[Provided data — start]

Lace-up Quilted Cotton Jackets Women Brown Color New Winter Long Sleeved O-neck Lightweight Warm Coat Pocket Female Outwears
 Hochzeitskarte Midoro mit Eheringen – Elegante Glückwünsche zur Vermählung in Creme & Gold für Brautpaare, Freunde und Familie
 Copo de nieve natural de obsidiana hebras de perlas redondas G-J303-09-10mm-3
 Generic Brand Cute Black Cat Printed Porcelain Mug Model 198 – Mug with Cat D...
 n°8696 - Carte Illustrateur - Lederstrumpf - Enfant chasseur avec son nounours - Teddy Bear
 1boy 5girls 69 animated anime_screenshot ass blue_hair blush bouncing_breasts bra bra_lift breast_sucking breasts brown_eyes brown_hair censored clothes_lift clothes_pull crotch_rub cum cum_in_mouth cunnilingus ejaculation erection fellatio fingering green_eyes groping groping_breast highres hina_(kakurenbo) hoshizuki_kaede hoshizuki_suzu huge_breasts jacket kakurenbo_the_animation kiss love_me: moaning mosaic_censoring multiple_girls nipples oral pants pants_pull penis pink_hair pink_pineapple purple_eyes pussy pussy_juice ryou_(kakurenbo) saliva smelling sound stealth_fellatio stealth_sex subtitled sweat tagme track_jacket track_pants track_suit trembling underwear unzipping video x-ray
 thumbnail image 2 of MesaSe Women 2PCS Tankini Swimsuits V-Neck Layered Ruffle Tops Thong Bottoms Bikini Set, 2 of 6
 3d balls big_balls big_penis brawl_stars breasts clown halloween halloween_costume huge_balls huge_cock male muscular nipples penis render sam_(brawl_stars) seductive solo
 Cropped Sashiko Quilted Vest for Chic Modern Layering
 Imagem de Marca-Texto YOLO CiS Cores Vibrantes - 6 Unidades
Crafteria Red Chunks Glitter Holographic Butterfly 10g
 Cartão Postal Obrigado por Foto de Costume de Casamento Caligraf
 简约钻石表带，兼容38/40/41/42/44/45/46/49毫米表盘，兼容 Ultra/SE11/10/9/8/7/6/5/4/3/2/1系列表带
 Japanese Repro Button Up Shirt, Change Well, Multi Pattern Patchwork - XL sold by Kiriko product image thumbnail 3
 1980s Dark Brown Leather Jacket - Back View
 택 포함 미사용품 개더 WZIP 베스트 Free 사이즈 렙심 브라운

[Provided data — finish]

Exercise description: Give back all of the entries exactly as written.

Answer area:
Lace-up Quilted Cotton Jackets Women Brown Color New Winter Long Sleeved O-neck Lightweight Warm Coat Pocket Female Outwears
 Hochzeitskarte Midoro mit Eheringen – Elegante Glückwünsche zur Vermählung in Creme & Gold für Brautpaare, Freunde und Familie
 Copo de nieve natural de obsidiana hebras de perlas redondas G-J303-09-10mm-3
 Generic Brand Cute Black Cat Printed Porcelain Mug Model 198 – Mug with Cat D...
 n°8696 - Carte Illustrateur - Lederstrumpf - Enfant chasseur avec son nounours - Teddy Bear
 1boy 5girls 69 animated anime_screenshot ass blue_hair blush bouncing_breasts bra bra_lift breast_sucking breasts brown_eyes brown_hair censored clothes_lift clothes_pull crotch_rub cum cum_in_mouth cunnilingus ejaculation erection fellatio fingering green_eyes groping groping_breast highres hina_(kakurenbo) hoshizuki_kaede hoshizuki_suzu huge_breasts jacket kakurenbo_the_animation kiss love_me: moaning mosaic_censoring multiple_girls nipples oral pants pants_pull penis pink_hair pink_pineapple purple_eyes pussy pussy_juice ryou_(kakurenbo) saliva smelling sound stealth_fellatio stealth_sex subtitled sweat tagme track_jacket track_pants track_suit trembling underwear unzipping video x-ray
 thumbnail image 2 of MesaSe Women 2PCS Tankini Swimsuits V-Neck Layered Ruffle Tops Thong Bottoms Bikini Set, 2 of 6
 3d balls big_balls big_penis brawl_stars breasts clown halloween halloween_costume huge_balls huge_cock male muscular nipples penis render sam_(brawl_stars) seductive solo
 Cropped Sashiko Quilted Vest for Chic Modern Layering
 Imagem de Marca-Texto YOLO CiS Cores Vibrantes - 6 Unidades
Crafteria Red Chunks Glitter Holographic Butterfly 10g
 Cartão Postal Obrigado por Foto de Costume de Casamento Caligraf
 简约钻石表带，兼容38/40/41/42/44/45/46/49毫米表盘，兼容 Ultra/SE11/10/9/8/7/6/5/4/3/2/1系列表带
 Japanese Repro Button Up Shirt, Change Well, Multi Pattern Patchwork - XL sold by Kiriko product image thumbnail 3
 1980s Dark Brown Leather Jacket - Back View
 택 포함 미사용품 개더 WZIP 베스트 Free 사이즈 렙심 브라운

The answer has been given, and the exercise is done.